XZ data compression in Linux

Introduction

XZ is a general purpose data compression format with high compression ratio. The XZ decompressor in Linux is called XZ Embedded. It supports the LZMA2 filter and optionally also Branch/Call/Jump (BCJ) filters for executable code. CRC32 is supported for integrity checking.

See the XZ Embedded home page for the latest version which includes a few optional extra features that aren’t required in the Linux kernel and information about using the code outside the Linux kernel.

For userspace, XZ Utils provide a zlib-like compression library and a gzip-like command line tool.

Notes on compression options

Since the XZ Embedded supports only streams with CRC32 or no integrity check, make sure that you don’t use some other integrity check type when encoding files that are supposed to be decoded by the kernel. With liblzma from XZ Utils, you need to use either LZMA_CHECK_CRC32 or LZMA_CHECK_NONE when encoding. With the xz command line tool, use --check=crc32 or --check=none to override the default --check=crc64.

Using CRC32 is strongly recommended unless there is some other layer which will verify the integrity of the uncompressed data anyway. Double checking the integrity would probably be waste of CPU cycles. Note that the headers will always have a CRC32 which will be validated by the decoder; you can only change the integrity check type (or disable it) for the actual uncompressed data.

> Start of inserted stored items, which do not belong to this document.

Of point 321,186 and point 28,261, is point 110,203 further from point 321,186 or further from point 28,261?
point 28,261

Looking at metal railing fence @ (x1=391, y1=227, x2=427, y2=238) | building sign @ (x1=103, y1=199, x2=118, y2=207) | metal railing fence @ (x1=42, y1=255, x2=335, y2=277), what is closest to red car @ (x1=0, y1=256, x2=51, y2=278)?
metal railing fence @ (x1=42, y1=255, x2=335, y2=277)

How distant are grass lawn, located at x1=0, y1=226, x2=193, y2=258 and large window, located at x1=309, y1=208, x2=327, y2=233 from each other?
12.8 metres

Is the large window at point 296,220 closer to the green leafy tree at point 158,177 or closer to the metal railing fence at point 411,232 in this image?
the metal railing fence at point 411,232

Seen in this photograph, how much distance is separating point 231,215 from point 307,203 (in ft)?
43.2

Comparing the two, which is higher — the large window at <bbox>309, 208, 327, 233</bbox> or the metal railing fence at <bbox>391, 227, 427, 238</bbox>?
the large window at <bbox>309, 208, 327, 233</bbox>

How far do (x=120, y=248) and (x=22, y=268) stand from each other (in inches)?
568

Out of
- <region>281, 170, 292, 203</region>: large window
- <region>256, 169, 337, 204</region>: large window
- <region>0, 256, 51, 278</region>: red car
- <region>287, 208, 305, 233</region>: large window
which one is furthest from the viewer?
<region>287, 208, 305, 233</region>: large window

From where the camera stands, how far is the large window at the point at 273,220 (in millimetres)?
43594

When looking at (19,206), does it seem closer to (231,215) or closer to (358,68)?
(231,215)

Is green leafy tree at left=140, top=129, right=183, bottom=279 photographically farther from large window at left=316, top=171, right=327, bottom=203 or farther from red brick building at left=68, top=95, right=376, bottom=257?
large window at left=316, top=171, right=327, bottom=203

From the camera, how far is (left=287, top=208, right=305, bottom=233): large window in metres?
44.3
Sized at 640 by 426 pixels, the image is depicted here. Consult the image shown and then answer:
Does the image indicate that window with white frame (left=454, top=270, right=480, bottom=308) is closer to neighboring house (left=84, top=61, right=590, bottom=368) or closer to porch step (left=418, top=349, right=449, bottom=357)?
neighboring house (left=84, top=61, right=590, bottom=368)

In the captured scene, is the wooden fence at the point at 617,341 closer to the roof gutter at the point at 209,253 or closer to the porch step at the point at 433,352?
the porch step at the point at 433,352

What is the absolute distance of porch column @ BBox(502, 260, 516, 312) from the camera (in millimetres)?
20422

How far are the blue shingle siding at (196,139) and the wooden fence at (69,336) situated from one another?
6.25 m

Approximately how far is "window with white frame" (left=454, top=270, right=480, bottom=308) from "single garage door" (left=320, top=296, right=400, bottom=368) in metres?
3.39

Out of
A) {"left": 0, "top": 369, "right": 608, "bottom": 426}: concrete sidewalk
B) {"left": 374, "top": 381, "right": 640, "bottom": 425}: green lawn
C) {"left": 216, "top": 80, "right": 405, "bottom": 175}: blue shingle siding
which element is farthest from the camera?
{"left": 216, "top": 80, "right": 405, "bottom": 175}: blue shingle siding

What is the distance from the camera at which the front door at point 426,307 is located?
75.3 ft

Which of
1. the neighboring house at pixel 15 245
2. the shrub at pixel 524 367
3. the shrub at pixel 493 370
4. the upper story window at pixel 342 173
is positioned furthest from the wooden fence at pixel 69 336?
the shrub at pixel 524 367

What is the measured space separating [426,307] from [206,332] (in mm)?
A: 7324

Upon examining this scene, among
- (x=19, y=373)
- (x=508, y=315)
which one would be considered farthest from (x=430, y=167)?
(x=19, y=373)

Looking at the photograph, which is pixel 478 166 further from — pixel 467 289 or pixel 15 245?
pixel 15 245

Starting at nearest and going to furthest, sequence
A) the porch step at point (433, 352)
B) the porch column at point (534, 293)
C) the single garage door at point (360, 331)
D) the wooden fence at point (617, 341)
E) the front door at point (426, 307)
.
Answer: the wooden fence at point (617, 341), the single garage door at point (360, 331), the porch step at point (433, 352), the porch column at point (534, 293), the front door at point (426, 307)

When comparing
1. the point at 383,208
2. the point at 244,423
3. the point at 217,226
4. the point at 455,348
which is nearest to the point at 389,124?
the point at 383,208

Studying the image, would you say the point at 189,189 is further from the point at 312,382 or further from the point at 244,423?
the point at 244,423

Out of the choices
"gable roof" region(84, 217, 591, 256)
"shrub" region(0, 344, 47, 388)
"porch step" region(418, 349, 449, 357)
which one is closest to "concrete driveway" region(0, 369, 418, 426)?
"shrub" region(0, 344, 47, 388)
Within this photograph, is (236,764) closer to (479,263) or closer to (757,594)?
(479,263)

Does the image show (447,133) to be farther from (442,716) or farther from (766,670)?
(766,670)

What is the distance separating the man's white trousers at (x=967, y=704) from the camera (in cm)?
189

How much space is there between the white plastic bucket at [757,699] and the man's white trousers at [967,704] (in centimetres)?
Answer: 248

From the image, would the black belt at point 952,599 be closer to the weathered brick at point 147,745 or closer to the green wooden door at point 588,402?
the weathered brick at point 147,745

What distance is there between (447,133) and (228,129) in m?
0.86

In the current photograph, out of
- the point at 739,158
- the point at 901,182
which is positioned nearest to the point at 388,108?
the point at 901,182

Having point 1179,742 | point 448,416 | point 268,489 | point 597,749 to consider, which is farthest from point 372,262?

In userspace, LZMA2 is typically used with dictionary sizes of several megabytes. The decoder needs to have the dictionary in RAM:

  • In multi-call mode the dictionary is allocated as part of the decoder state. The reasonable maximum dictionary size for in-kernel use will depend on the target hardware: a few megabytes is fine for desktop systems while 64 KiB to 1 MiB might be more appropriate on some embedded systems.

  • In single-call mode the output buffer is used as the dictionary buffer. That is, the size of the dictionary doesn’t affect the decompressor memory usage at all. Only the base data structures are allocated which take a little less than 30 KiB of memory. For the best compression, the dictionary should be at least as big as the uncompressed data. A notable example of single-call mode is decompressing the kernel itself (except on PowerPC).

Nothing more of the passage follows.